═══ Task material ═══

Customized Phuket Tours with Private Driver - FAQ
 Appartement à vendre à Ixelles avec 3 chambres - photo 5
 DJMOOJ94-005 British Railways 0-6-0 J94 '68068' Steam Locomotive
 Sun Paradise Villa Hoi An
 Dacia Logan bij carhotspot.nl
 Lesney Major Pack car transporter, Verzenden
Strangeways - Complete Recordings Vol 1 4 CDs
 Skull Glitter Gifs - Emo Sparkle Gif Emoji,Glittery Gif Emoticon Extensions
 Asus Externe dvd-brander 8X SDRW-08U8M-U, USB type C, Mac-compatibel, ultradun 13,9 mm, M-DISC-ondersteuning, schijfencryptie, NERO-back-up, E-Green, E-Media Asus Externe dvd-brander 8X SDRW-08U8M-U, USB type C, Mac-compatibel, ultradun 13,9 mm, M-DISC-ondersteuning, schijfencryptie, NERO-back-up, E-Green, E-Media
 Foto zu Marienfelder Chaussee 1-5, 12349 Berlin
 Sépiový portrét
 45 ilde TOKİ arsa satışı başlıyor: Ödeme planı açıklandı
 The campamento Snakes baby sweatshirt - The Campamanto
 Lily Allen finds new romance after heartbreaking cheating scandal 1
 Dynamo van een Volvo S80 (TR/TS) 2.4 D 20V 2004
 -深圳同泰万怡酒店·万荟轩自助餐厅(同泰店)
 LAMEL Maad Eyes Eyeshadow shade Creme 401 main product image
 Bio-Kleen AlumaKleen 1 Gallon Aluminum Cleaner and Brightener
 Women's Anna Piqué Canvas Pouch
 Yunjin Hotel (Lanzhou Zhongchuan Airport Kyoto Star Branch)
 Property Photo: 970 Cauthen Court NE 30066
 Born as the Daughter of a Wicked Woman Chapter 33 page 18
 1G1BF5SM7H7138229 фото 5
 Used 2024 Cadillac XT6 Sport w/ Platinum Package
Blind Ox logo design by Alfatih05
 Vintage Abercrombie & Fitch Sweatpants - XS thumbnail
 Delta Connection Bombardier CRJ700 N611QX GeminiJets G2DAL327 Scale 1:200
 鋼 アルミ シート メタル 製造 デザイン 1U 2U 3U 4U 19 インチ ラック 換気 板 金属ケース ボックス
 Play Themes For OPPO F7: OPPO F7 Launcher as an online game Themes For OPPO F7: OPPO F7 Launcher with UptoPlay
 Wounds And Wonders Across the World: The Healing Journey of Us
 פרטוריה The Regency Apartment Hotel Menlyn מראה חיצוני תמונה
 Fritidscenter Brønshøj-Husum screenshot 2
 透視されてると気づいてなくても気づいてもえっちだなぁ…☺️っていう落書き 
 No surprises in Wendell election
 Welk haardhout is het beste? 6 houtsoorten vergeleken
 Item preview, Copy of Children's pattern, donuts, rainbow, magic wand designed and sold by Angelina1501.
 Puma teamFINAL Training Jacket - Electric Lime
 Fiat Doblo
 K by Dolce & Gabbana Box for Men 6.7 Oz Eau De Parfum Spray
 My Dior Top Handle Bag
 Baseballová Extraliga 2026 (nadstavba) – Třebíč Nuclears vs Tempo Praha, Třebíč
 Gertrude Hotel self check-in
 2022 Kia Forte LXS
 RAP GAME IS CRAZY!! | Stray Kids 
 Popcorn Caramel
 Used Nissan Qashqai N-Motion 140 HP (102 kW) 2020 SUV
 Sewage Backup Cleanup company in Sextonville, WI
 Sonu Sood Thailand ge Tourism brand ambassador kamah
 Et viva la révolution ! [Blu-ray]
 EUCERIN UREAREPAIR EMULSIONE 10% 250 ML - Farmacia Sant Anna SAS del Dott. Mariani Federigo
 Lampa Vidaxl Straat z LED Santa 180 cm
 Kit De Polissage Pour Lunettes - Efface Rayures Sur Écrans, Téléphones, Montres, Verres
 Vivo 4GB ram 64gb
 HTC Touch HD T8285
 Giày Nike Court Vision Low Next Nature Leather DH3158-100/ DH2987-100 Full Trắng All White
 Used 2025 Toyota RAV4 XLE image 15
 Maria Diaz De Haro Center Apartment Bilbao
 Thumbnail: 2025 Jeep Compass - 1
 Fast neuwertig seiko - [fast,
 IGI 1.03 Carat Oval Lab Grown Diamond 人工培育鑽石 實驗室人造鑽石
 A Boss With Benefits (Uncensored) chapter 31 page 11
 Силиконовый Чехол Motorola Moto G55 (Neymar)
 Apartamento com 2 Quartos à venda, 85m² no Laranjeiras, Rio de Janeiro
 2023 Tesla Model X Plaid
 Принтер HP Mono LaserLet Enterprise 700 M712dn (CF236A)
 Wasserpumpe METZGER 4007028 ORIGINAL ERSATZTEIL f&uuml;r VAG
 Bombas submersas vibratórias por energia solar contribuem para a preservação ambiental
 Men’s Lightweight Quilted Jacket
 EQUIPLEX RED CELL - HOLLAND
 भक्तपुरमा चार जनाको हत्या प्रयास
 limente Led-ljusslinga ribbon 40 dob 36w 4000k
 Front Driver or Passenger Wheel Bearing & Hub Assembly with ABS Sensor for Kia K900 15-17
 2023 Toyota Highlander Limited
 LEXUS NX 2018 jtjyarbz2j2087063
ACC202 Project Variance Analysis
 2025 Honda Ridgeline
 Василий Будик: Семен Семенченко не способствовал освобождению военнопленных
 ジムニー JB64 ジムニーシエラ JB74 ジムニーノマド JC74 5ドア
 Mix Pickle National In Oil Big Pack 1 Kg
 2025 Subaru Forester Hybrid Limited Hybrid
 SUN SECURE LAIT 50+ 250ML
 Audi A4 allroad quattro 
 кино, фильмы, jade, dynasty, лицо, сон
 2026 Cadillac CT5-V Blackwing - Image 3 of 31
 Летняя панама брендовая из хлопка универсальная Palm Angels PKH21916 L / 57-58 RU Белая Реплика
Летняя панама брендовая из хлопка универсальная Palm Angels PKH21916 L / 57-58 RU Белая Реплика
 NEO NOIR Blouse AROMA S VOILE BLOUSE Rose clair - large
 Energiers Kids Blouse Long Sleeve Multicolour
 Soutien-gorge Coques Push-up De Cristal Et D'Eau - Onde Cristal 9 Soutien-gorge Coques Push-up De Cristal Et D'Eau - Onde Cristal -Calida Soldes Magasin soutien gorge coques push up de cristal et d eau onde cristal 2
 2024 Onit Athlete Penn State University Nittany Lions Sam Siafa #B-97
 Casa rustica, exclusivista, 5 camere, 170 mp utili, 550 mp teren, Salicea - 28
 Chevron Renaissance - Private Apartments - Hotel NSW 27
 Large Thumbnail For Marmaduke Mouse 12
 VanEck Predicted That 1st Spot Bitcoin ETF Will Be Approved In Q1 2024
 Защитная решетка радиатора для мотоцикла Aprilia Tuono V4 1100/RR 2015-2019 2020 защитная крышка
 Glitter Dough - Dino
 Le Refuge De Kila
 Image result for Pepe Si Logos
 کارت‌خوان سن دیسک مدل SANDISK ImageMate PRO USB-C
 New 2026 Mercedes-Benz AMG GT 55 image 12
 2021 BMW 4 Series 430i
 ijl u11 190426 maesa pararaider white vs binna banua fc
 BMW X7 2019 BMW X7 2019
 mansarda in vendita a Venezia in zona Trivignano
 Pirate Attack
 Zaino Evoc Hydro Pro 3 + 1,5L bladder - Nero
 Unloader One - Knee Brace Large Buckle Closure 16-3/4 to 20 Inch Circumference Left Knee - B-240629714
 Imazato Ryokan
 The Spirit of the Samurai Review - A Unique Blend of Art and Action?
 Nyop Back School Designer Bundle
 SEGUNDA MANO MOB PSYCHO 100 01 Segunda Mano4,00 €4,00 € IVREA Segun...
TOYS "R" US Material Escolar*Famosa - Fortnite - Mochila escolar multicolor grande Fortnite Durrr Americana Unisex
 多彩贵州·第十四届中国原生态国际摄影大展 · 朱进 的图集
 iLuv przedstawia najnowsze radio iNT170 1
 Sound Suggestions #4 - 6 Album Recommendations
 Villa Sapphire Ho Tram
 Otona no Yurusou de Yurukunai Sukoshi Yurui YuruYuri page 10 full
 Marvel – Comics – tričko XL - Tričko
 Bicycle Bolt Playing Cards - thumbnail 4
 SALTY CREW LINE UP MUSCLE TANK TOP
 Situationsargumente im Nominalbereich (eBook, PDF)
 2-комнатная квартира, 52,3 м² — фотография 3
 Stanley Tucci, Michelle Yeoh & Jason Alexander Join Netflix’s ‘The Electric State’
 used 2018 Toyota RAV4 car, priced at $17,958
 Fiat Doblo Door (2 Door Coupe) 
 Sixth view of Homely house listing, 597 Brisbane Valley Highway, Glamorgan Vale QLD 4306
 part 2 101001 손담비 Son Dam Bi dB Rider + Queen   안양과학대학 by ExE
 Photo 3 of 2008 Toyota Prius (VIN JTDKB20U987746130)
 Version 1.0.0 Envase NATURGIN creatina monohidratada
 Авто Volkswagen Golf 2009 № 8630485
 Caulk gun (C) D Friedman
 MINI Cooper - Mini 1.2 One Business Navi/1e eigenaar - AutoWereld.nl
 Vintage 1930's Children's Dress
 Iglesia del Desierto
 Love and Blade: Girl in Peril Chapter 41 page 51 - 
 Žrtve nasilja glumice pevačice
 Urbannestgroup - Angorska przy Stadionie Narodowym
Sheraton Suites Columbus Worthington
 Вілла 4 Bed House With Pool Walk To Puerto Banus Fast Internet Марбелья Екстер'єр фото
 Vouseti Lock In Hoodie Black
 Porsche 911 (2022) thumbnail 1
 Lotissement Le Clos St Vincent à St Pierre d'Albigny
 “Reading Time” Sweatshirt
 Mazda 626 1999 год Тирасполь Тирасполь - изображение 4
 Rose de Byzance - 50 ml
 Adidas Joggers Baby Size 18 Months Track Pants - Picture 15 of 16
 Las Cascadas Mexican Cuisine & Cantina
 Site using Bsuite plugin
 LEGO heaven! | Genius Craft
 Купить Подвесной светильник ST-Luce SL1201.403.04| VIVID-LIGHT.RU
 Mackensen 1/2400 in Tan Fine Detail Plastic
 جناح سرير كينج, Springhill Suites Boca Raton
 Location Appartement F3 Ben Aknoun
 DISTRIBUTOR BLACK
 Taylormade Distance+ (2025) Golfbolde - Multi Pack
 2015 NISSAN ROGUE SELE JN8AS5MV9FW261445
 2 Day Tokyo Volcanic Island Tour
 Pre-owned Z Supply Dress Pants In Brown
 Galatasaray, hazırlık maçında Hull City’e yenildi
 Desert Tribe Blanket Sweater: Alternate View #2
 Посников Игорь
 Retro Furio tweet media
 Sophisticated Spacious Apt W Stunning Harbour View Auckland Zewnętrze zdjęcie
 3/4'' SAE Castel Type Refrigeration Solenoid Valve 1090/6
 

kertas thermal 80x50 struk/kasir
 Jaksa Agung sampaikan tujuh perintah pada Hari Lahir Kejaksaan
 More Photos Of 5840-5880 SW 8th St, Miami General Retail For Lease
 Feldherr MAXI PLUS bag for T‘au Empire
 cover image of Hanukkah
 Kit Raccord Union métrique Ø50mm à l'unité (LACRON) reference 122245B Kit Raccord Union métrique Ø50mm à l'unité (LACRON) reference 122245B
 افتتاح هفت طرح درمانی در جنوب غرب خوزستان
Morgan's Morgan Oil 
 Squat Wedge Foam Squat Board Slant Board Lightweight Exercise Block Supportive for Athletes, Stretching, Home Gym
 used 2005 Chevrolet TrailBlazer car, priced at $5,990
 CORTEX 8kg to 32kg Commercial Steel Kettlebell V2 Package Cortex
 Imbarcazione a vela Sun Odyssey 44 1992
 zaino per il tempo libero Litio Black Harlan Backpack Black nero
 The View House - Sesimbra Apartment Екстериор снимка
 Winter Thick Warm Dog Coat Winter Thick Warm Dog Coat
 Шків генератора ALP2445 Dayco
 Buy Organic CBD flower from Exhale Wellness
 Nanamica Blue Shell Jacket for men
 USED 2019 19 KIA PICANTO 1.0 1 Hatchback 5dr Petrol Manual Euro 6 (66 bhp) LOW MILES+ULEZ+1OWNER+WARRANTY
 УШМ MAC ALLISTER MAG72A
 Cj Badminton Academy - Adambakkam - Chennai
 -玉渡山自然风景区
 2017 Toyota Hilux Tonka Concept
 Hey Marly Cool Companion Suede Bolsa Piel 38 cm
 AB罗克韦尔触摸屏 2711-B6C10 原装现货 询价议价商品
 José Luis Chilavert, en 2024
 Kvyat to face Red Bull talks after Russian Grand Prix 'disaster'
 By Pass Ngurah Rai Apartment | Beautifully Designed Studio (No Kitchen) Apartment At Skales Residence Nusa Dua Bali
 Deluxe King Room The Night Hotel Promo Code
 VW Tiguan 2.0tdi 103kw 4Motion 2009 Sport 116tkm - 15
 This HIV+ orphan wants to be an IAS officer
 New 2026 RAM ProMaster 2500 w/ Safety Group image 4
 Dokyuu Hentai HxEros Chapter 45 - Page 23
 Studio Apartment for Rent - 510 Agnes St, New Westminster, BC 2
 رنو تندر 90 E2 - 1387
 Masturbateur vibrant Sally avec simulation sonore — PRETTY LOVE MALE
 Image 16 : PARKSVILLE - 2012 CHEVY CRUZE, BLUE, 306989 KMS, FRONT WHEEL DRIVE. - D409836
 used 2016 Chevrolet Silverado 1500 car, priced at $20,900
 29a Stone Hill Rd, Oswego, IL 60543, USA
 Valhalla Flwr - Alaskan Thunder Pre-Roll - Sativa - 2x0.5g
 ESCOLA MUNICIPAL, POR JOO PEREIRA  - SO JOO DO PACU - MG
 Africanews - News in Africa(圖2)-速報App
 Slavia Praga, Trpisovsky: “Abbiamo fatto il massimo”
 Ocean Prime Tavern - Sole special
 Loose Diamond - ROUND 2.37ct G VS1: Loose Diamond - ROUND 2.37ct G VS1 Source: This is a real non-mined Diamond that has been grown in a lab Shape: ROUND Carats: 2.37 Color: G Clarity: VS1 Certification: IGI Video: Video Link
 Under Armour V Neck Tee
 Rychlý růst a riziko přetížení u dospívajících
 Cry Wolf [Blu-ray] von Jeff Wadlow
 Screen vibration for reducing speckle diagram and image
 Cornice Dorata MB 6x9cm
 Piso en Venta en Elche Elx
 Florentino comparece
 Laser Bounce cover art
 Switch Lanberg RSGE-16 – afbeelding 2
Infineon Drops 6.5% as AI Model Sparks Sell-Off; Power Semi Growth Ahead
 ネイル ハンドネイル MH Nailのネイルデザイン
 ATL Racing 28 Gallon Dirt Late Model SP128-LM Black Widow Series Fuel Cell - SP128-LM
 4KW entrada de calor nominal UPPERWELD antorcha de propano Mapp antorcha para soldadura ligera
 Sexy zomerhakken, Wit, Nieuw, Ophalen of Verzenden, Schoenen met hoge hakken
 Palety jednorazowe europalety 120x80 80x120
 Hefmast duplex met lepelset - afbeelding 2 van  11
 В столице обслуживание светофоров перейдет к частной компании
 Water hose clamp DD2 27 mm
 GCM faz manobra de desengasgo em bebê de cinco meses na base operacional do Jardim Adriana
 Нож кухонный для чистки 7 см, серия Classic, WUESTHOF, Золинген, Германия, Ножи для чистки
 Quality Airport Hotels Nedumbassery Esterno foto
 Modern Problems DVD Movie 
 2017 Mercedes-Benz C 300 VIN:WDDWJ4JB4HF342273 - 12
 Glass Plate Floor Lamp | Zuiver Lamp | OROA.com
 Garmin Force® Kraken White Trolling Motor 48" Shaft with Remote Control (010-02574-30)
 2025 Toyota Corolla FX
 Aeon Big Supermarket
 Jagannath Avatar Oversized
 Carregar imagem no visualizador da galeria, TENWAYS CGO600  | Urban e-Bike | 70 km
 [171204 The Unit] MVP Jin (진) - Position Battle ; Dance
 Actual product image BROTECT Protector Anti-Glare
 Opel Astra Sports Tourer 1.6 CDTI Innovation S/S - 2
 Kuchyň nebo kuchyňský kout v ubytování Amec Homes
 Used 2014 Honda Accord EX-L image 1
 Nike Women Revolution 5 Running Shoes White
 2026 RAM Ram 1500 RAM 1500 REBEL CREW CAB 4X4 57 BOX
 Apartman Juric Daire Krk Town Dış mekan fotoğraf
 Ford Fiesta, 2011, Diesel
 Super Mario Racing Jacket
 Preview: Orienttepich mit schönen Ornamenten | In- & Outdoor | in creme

═══

▶ Task details: How many of the lines above contain the string "Gallon"? Give the number only.

▶ Answer: 2